▶ [REQUIRED WORK]:
All lines from the one bearing "more clothes and" through the end of the data below must be printed exactly as they stand, with pictures removed.

▶ [INFORMATION PROVIDED]:
——————

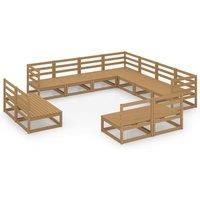 Garden Lounge Set Outdoor Lounge Set Sofa Patio 11 Piece Solid Pinewood vidaXL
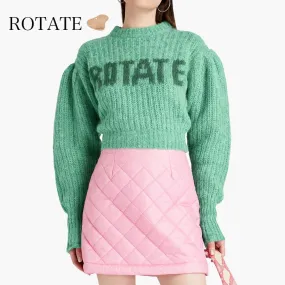 ROTATE  |Crew Neck Casual Style Unisex Wool Rib Street Style Bi-color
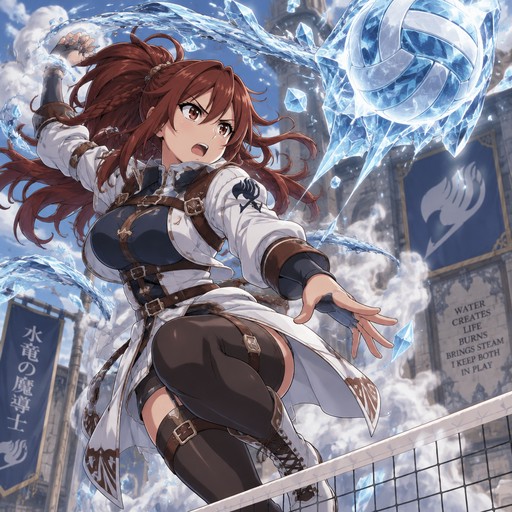 a femail water dragon slayer with brown redishish hair likes volleyball and can freeze water and make it into steam with her showing of her powers 

more clothes and make her look like she is using her power to make a ice volleyball that she is spiking (based on Fairy Tail)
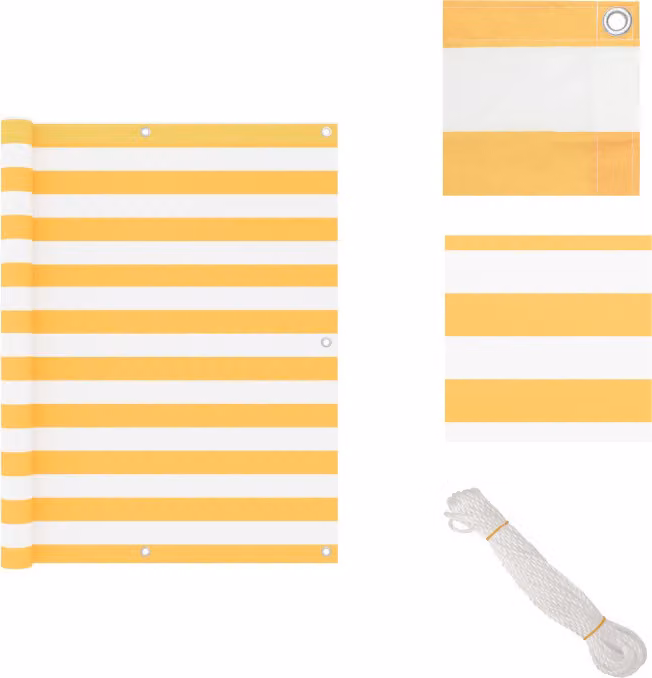 vidaXL Schermo privacy per balcone bianco e giallo 120x600 cm Tessuto Oxford - Ombrelloni e tende da sole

——————

▶ [RESULT OF THIS EXERCISE]:
more clothes and make her look like she is using her power to make a ice volleyball that she is spiking (based on Fairy Tail)
 vidaXL Schermo privacy per balcone bianco e giallo 120x600 cm Tessuto Oxford - Ombrelloni e tende da sole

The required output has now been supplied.